*** Data provided ***

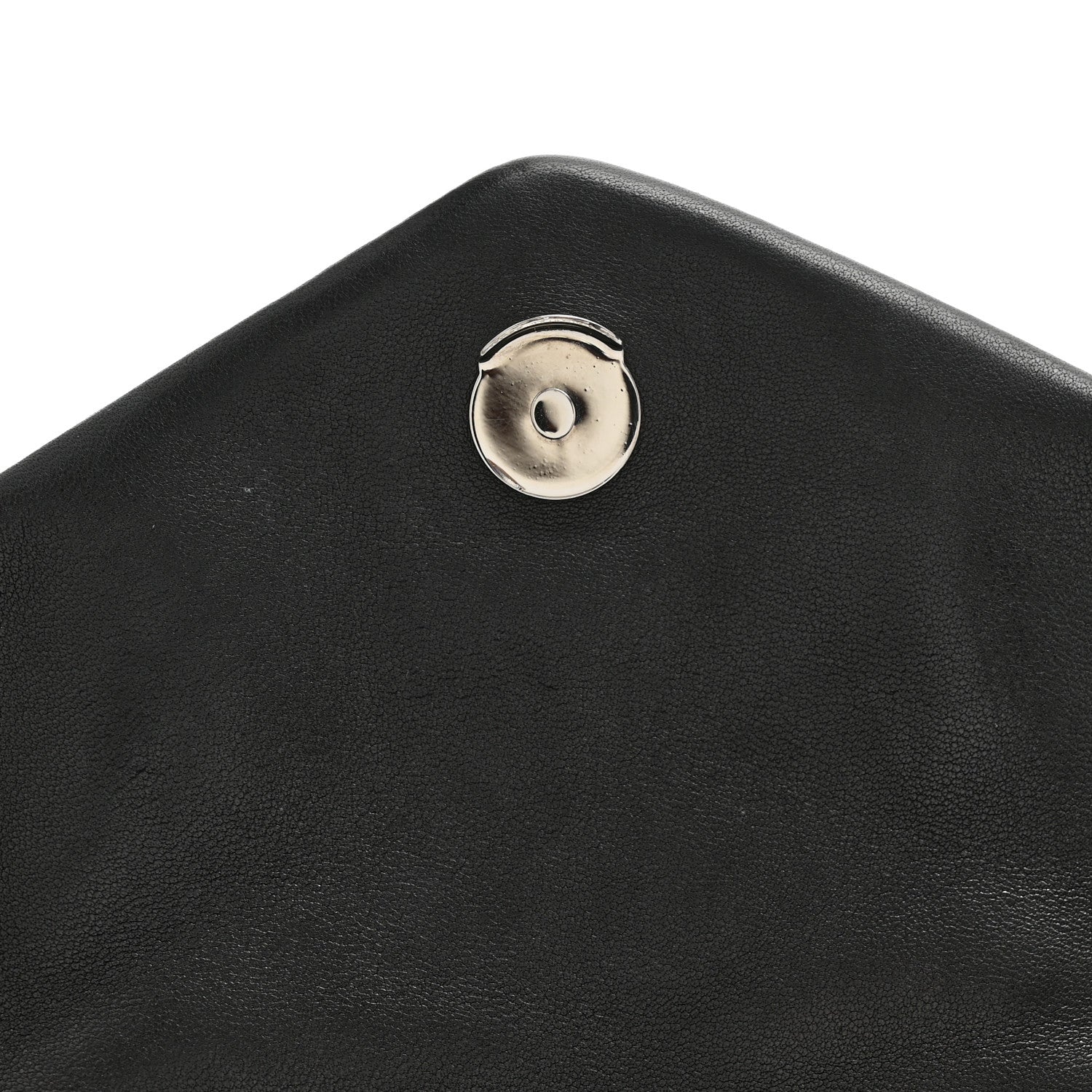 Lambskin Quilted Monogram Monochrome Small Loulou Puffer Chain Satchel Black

*** End of Data provided ***
*** Data provided ***

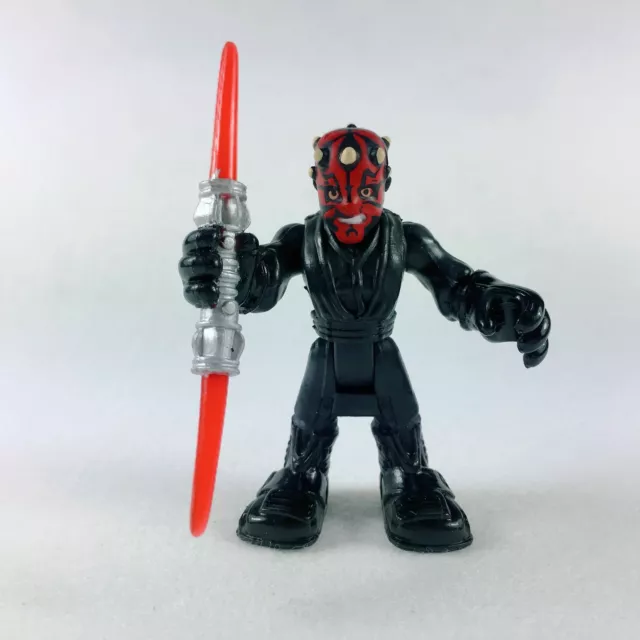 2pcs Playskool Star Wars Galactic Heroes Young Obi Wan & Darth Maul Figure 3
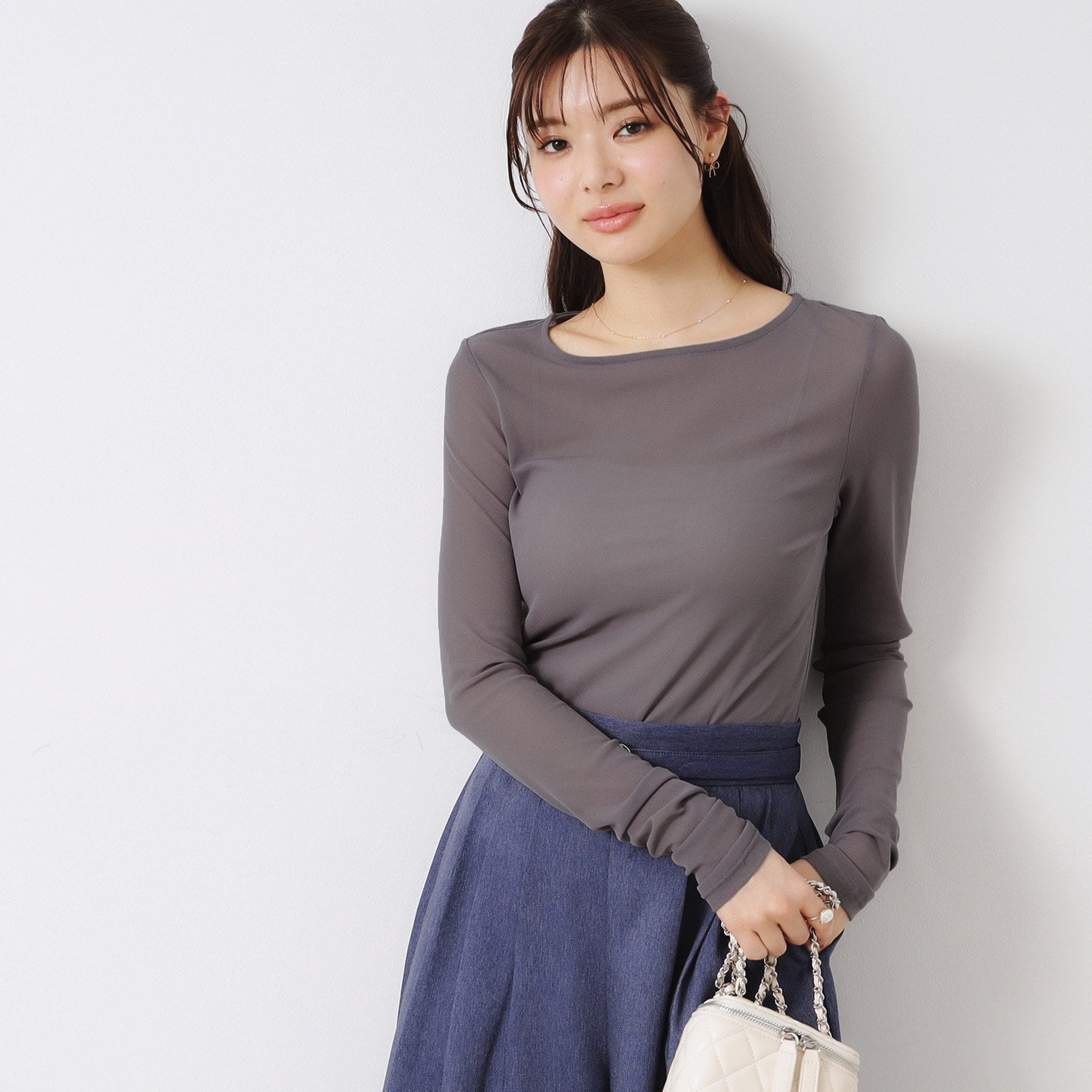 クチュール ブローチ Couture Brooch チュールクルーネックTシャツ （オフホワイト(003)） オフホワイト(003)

*** End of Data provided ***

Give back the exact lines above, running from the one that has "2pcs Playskool Star" through the one that has "クチュール ブローチ Couture", with nothing added and no pictures.

Worked solution
 2pcs Playskool Star Wars Galactic Heroes Young Obi Wan & Darth Maul Figure 3
 クチュール ブローチ Couture Brooch チュールクルーネックTシャツ （オフホワイト(003)） オフホワイト(003)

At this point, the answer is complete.